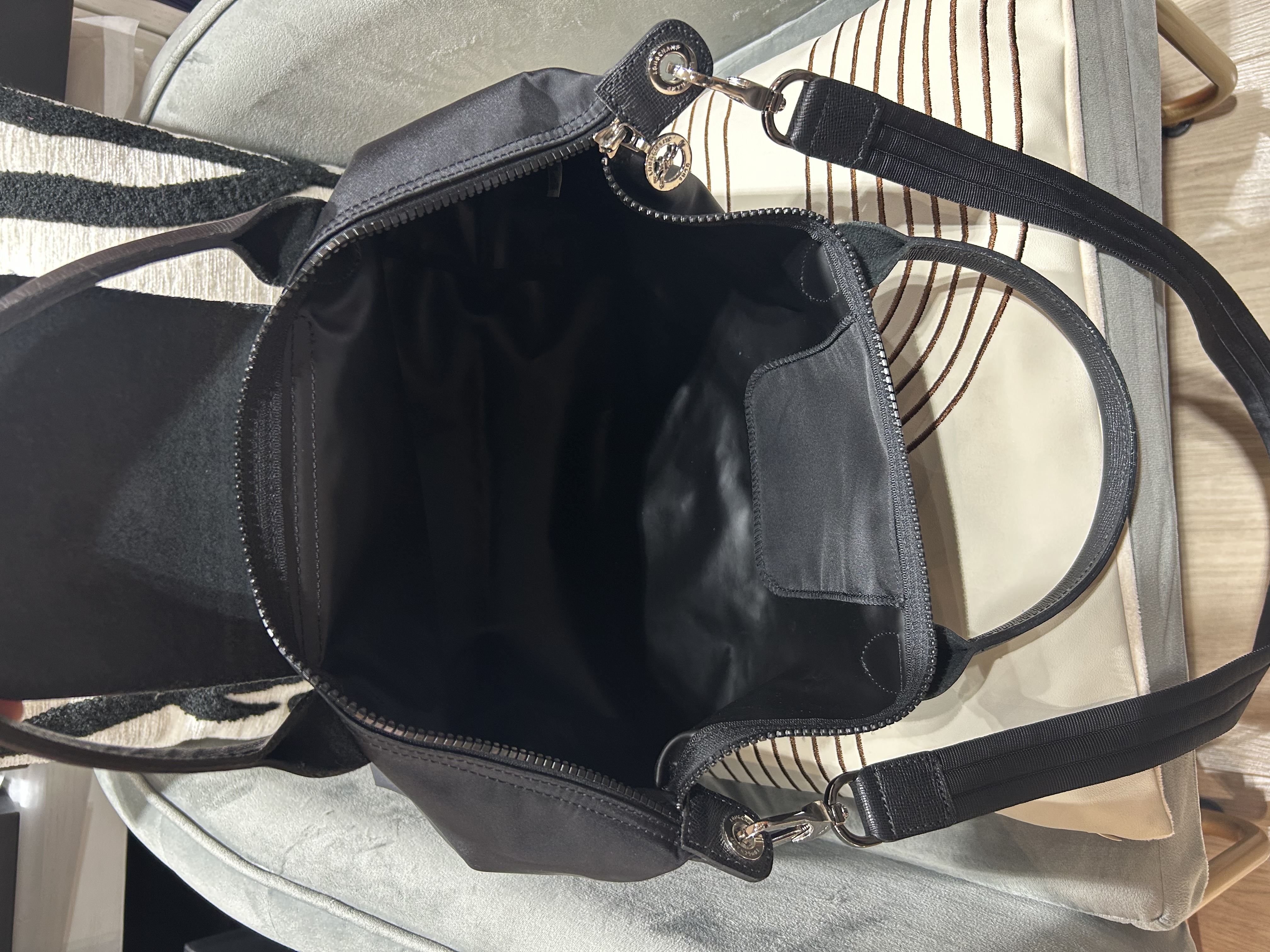 Longchamp Nylon Crossbody Bag Black 100%Authentic, 98%New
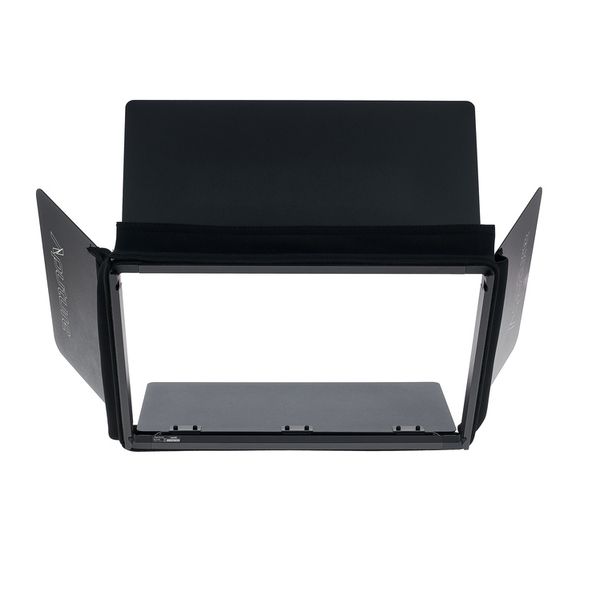 Aputure Nova P300c Barn Doors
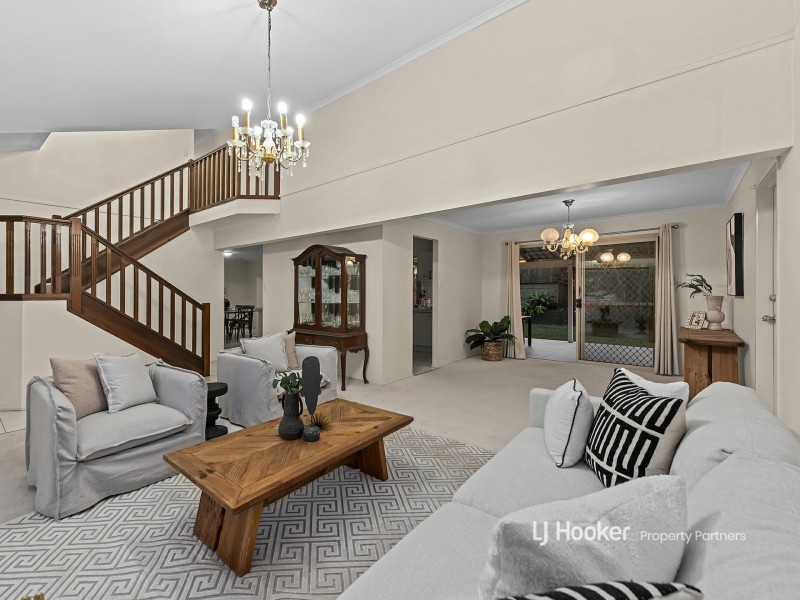 18 Mindona Street, Wishart QLD 4122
.....
* **What you are asked to do**:
I would like the material repeated in full and exactly, with its images omitted.

* **Answer space**:
 Longchamp Nylon Crossbody Bag Black 100%Authentic, 98%New
 Aputure Nova P300c Barn Doors
 18 Mindona Street, Wishart QLD 4122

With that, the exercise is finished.